European stocks retreated from their earlier highs yesterday afternoon as Wall Street opened lower, with an analyst downgrade of chip bellwether Intel raising concerns ahead of its mid-quarter update.

Investment firm Merrill Lynch lowered its view on Intel and six other semiconductor stocks and said it expected Intel to tighten its quarterly revenue outlook when it releases its update after the US market closes.

Shortly after the US opening, the Nasdaq index was down 1.4 per cent and the Dow Jones industrial average shed 0.7 per cent.

The FTSE Eurotop 300 index, which closed at eight-month lows on Wednesday, retraced most of its earlier gains to stand up 0.1 per cent by 1345 GMT, while the narrower Euro Stoxx 50 index rose 0.9 per cent.

Despite the pullback the European market remained broadly firmer and drew some support from the European Central Bank's decision earlier to leave interest rates unchanged at 3.25 per cent.

"It seems that the ECB...are comfortable with rates where they are. Excepting a very big surprise we should not expect another cut in rates in the months to come," said Aurel Leven economist Jean-Louis Mourier.

A rise in oil prices amid renewed conflict in the Middle East underpinned a 0.8 per cent rise in European oil shares. The sector was also supported by investment bank Goldman Sachs upping its earnings estimates for oil majors.

"Valuations of oil shares are starting to look quite attractive again and second-quarter upstream earnings should be solid given the high price of crude recently," said Ignace De Coene, an equity manager at Fortis Investment Manager, who manages about 120 million euros.

Heavyweight BP added 0.4 per cent as ToalFinaElf rose 1.3 per cent and Royal Dutch firmed 1.7 per cent.

Dutch retailer Royal Ahold NV was Europe's top gainer after reporting better-than-expected first quarter results and maintaining its full-year forecast.

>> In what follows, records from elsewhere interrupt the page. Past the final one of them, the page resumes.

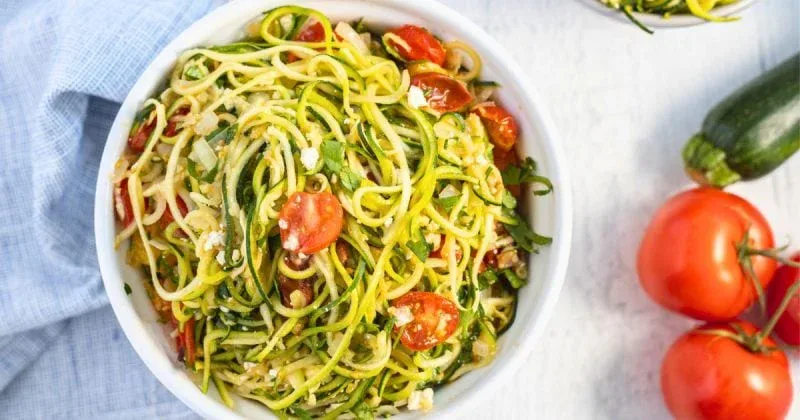 A white bowl filled with zucchini noodles, halved cherry tomatoes, and herbs. Two whole tomatoes and a zucchini sit nearby on a white surface.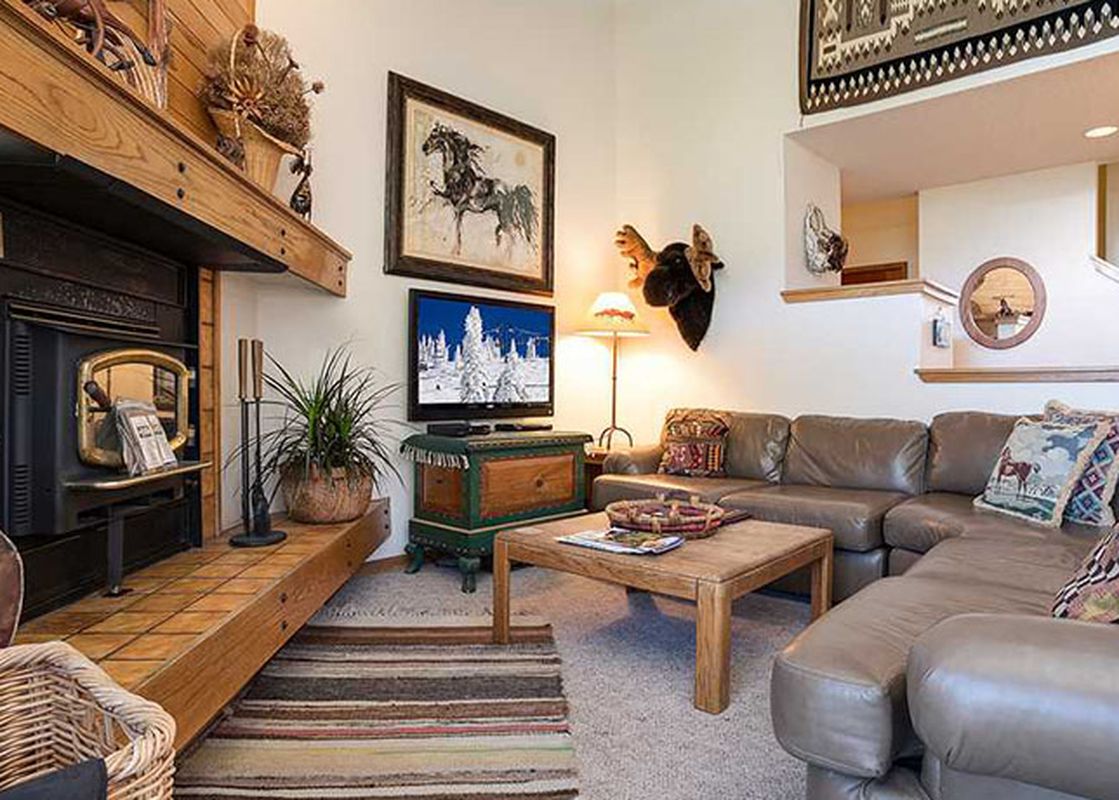 The Ranch at Steamboat RA510's living room features a fireplace, a large leather sectional sofa, a wooden coffee table, a TV, and rustic decor.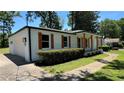Angle view of painted brick home featuring matching garage with natural wooden shutters and well manicured lawn at 2678 Stardust Trl, Decatur, GA 30034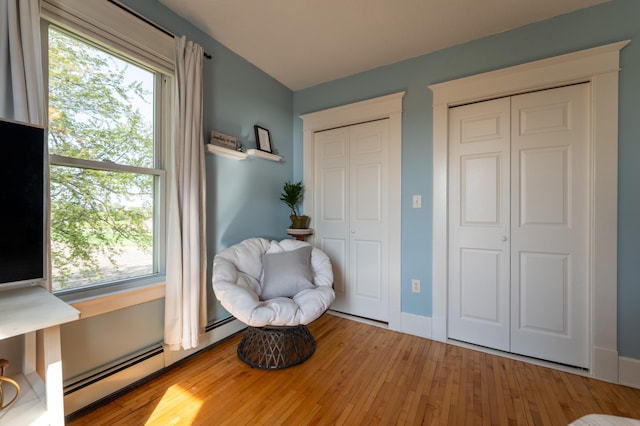 sitting room with healthy amount of natural light and wood finished floors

The stock added 6.2 per cent to 23.47 euros and was the main driver behind a 0.7 per cent rise in the European retail index.

Other standouts included Italian bank Banca Nazionale del Lavoro, which notched up a 2.9 per cent gain on renewed speculation that it would merge with sector peer Monte dei Paschi di Siena.

Vivendi Universal, the heavily indebted media titan, added 2.2 per cent on reports the company could be close to selling its loss-making Italian pay-TV unit Telepiu.